Wednesday, August 21, 2019

I Finally Watched Chasing Amy

(This is the fourth in a series of how a fifty-year-old geek finally saw the films of Kevin Smith. If you want the origin story for this series, read the Introduction. I've already reviewed Clerks and Mallrats.)

You've got to be kidding me, right? Kevin Smith, the same guy who wrote Clerks and Mallrats, also wrote Chasing Amy?

Three Different Films...


Clerks is the slice-of-life kind of film famed for its indie spirit. Mallrats is a raucous comedy about twentysomethings in the mid 90s. Chasing Amy is an all-out romantic drama with some humorous dialogue thrown in. On the surface, you'd be right to question if the same writer developed all three films. But there's an underlying thread running through all three films.

Chasing Amy starts in a comic book convention. Check traditional Smith trope number one. A fan wanting to get his comic book signed starts an argument with Jason Lee's character, Banky Edwards. Banky is the inker for the famous Bluntman and Chronic book, and he and the fan dispute the importance of an inker. The fan says Banky is merely a tracer. Banky thinks otherwise. They come to fisticuffs, leaving it to Ben Affleck's Holden McNeil (the penciller) to break it up.

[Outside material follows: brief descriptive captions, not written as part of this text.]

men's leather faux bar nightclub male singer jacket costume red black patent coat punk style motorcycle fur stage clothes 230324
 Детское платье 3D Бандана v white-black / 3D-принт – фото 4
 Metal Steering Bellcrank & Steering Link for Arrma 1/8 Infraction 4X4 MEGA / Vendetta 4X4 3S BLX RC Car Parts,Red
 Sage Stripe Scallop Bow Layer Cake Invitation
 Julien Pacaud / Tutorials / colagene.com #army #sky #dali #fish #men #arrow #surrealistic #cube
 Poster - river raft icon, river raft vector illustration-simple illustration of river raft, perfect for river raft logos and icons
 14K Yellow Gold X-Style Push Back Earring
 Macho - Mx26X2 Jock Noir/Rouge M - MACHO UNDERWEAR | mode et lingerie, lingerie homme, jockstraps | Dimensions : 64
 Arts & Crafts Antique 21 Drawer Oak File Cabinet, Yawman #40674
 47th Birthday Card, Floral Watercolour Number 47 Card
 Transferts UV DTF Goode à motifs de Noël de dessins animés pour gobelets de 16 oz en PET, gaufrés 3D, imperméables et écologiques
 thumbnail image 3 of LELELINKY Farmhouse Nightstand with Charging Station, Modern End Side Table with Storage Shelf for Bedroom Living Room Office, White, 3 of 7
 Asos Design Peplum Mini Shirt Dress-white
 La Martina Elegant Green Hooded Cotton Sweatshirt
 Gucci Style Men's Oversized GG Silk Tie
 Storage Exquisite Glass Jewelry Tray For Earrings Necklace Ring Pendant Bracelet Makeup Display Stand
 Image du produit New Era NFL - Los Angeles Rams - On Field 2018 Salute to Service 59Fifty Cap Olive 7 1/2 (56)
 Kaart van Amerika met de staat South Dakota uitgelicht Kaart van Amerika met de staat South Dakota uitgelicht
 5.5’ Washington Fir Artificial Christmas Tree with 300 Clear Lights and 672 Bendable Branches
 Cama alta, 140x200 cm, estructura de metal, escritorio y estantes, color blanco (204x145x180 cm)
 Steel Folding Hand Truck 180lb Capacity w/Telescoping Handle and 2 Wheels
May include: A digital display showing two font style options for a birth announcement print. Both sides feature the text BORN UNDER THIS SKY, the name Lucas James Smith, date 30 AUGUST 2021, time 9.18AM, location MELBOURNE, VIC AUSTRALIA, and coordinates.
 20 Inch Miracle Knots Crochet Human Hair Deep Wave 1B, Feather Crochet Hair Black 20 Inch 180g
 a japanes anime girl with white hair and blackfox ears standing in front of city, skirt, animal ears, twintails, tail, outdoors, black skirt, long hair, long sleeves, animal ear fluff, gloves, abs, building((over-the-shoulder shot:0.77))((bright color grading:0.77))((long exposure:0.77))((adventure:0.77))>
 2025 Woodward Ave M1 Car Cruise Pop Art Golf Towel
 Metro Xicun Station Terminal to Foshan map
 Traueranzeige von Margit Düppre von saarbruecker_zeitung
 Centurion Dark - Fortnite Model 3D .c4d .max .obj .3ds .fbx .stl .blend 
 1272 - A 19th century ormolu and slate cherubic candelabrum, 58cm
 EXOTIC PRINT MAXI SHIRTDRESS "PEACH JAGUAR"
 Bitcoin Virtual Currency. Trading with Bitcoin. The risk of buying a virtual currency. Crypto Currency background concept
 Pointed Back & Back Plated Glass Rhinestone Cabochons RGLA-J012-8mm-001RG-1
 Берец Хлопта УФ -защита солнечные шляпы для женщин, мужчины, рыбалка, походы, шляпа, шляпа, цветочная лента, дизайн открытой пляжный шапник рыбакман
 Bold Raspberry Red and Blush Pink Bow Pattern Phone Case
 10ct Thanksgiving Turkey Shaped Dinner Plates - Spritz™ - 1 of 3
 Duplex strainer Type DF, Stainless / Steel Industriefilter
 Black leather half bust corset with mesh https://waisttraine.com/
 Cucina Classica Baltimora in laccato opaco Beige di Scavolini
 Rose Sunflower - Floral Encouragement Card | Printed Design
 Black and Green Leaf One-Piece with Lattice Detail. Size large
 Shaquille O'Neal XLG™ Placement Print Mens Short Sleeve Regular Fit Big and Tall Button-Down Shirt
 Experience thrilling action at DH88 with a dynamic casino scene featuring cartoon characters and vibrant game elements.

[Aside: The worst part about not knowing much of anything about Kevin Smith films and having to go to Wikipedia to verify names is seeing certain characters, like Banky, have their own entry. Thus spoiling things for future films, because the best thing about Smith's films is seeing how and where the same actors show up.]

Now, I'll admit when I first saw Jason Lee, I thought he was the same character as in Mallrats. Ditto for Affleck, which led to wonder how the two characters from Mallrats made up and work together. That's not the case here. In this film, the main stars, like the various other side characters, play different people in this movie.

It's at the comic con where Holden first lays eyes on Alyssa Jones, played by the brilliant Joey Lauren Adams. Alyssa is also a comic book writer, but for a not-very-famous title. Holden is besotted, especially when Alyssa invites him out to meet her in a bar. A very particular kind of bar that Banky picks up on pretty quickly but that Holden doesn't until the shattering moment when Alyssa makes out with a girl.

A Shared Moment


Alyssa is gay. Holden has no clue. He thinks she had eyes for him. She doesn't, but she likes him as a friend. Script-wise, the scene was great. The bartender, Hooper X, (Dwight Ewell) is flamboyantly gay and he's about to tell Holden the truth, but Holden's too fixated on Alyssa singing her torch song to listen. Banky looks around, sees all the evidence that it is a gay bar, and the smile Lee brings the Banky's face is fantastic. It's only when Holden's world is crushed when Banky tells him "That, my friend, was a shared moment."

The Frank Dialogue


In what I'm now realizing is a trope of Smith, Banky, Holden, Alyssa, and her gal head off to a different bar where copious amounts of dialogue occurs. In Clerks, it was about life in dead-end jobs. Mallrats was about suburban pop culture. Chasing Amy is about relationships, love, and sex. Here, Alyssa and Banky see eye-to-eye on many things. And, in a particularly hilarious spoof, they start comparing sexual scars...just like the three characters did in Jaws. When Alyssa props her leg on the table just like Robert Shaw in Spielberg's movie, I busted out laughing. Not only does the dialogue move the story forward, it's also a great in-joke for movie buffs. Just like Kevin Smith.

The Story Twist


After a so typical 90s montage scene showing Alyssa and Holden doing various things, getting along, and, of course, Holden falling in love, the movie comes down to two people sitting in a car. Rain pours down and Holden has to reveal the truth to Alyssa. He declares his love for her in a rather decent manner. Sure, it's not Billy Crystal in When Harry Met Sally, but it's genuine and heartfelt. And selfish.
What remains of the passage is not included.